What needs to be done =
Only some lines are wanted: please transcribe exactly those from the one containing "Guledgudda Cotton Khana" through the end of the data, pictures excluded.

Provided records =
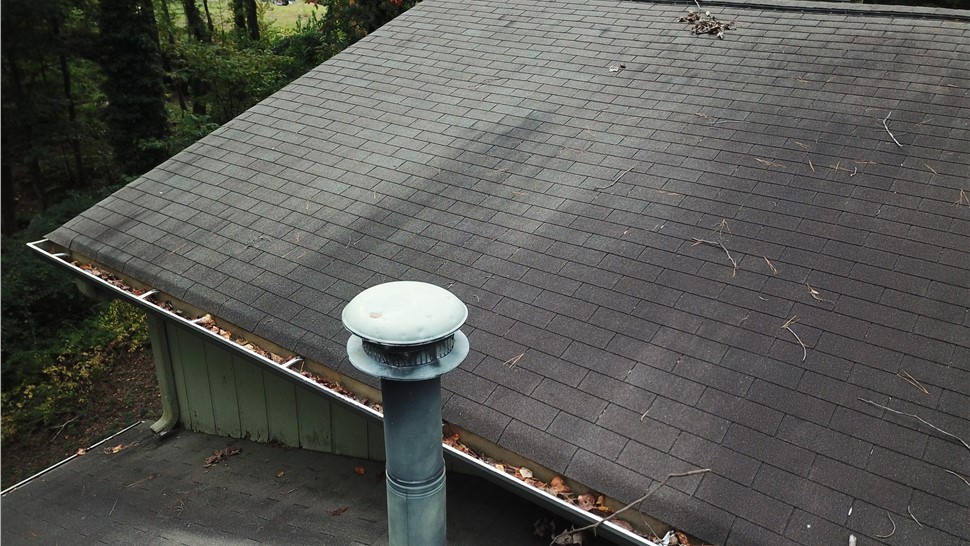 Roof Replacement Project in Marietta, Georgia by Dr. Roof
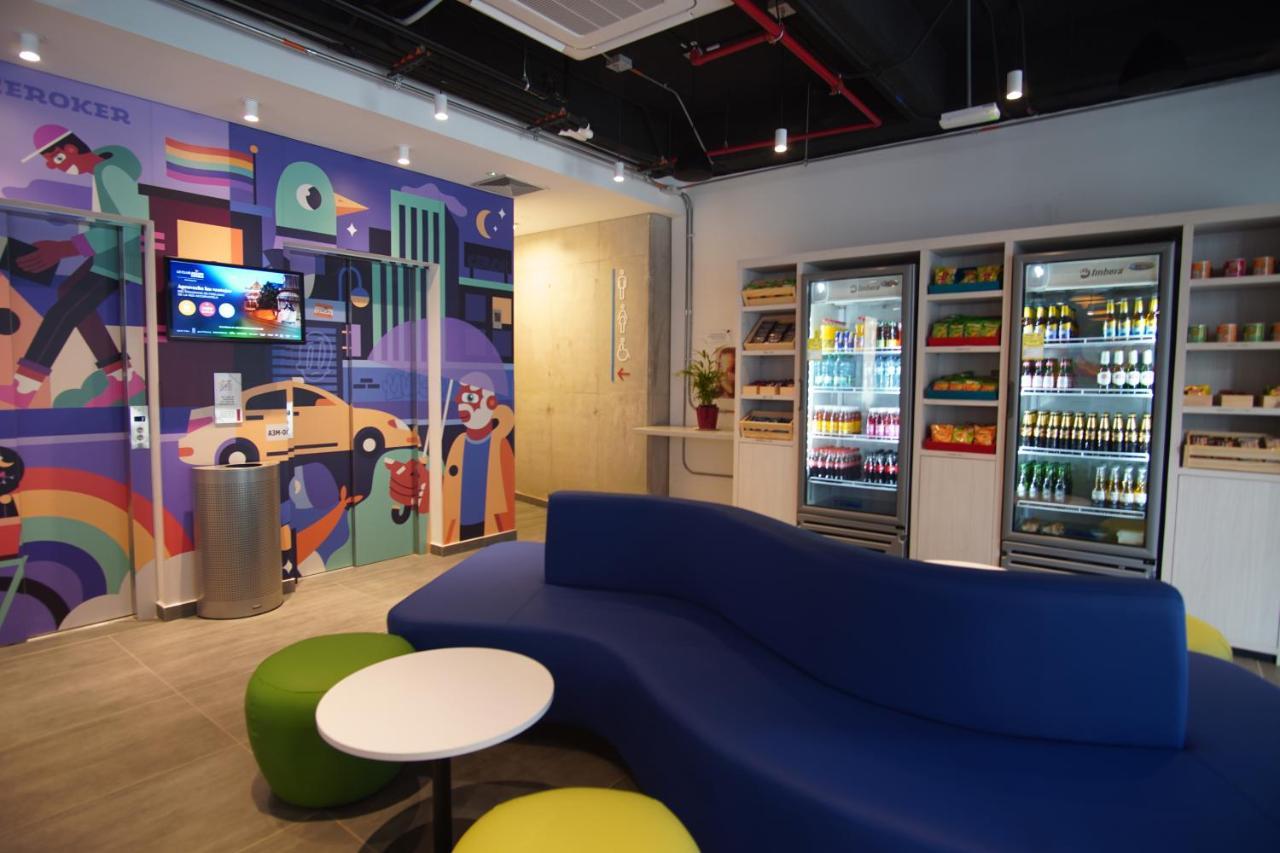 Ibis Budget Bogota Marly Eksteriør bilde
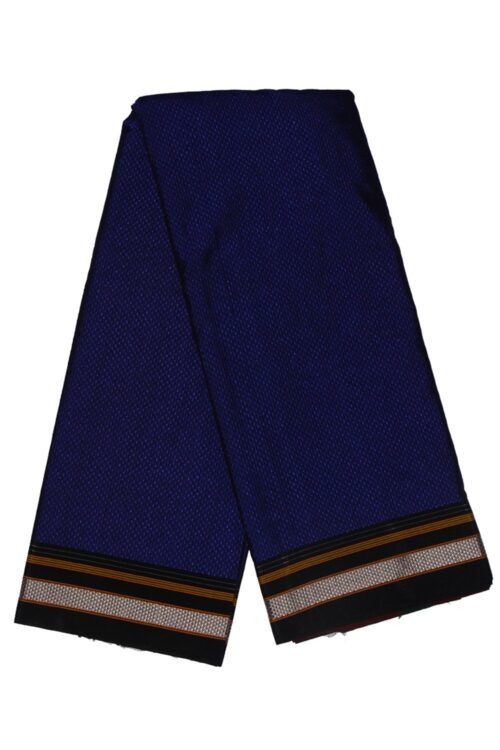 Guledgudda Cotton Khana With Patti Pallu Saree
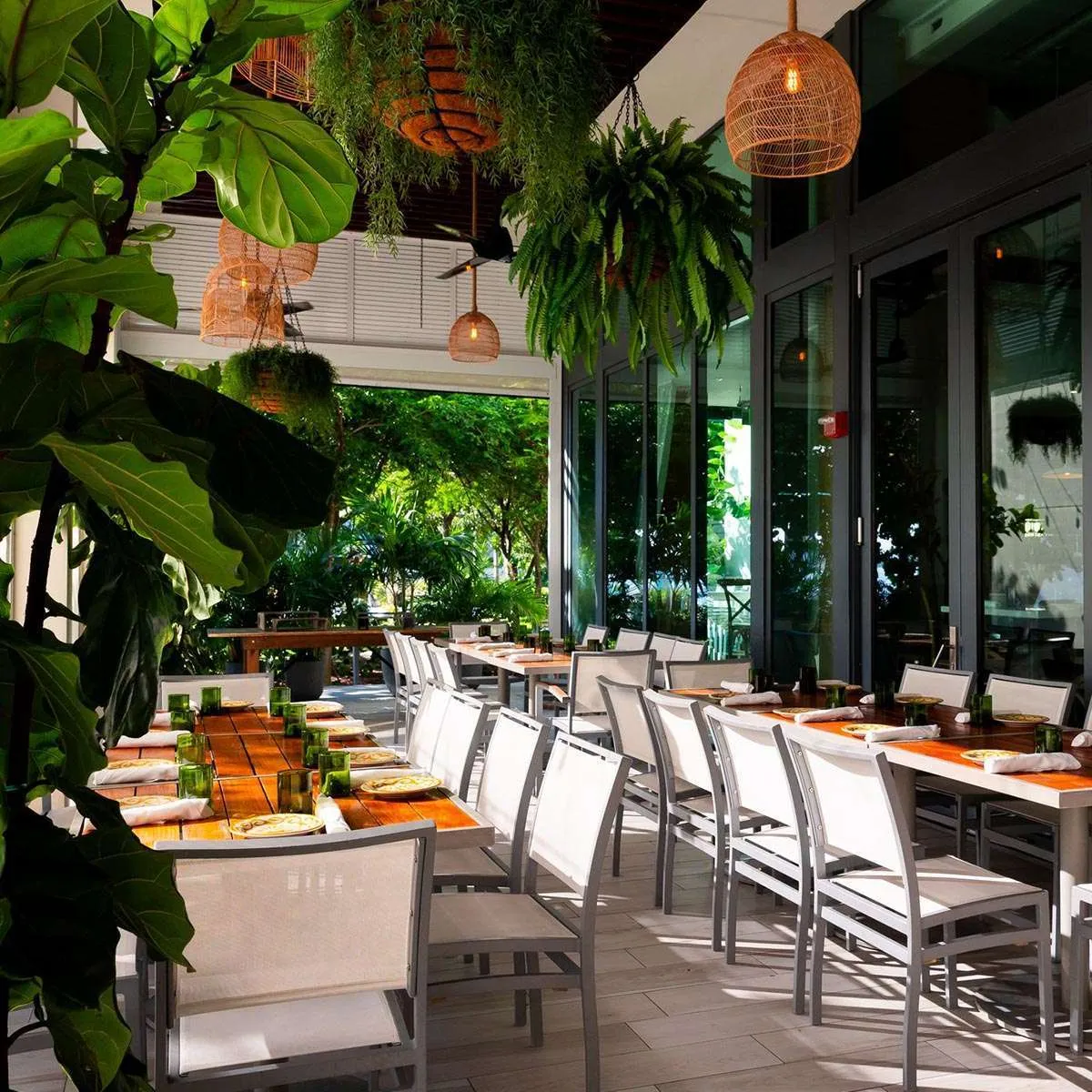 Amara at Paraiso private dining 5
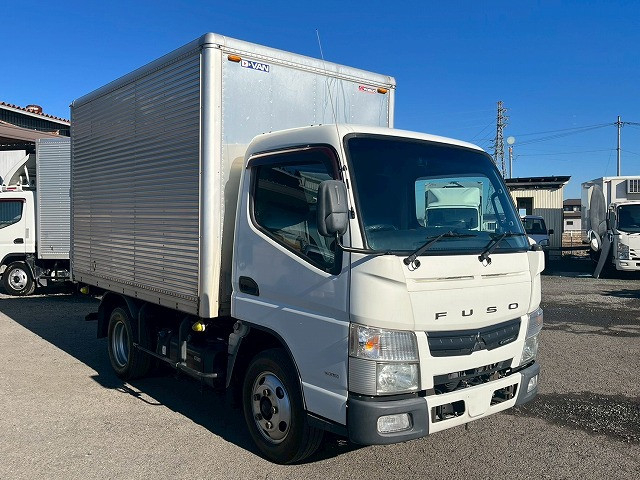 三菱ふそう キャンター 小型 バン TKG-FEA50(101071) 4枚目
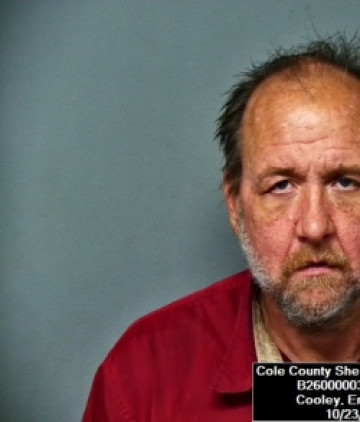Mugshot of Eric William Cooley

Output of the task =
 Guledgudda Cotton Khana With Patti Pallu Saree
 Amara at Paraiso private dining 5
 三菱ふそう キャンター 小型 バン TKG-FEA50(101071) 4枚目
Mugshot of Eric William Cooley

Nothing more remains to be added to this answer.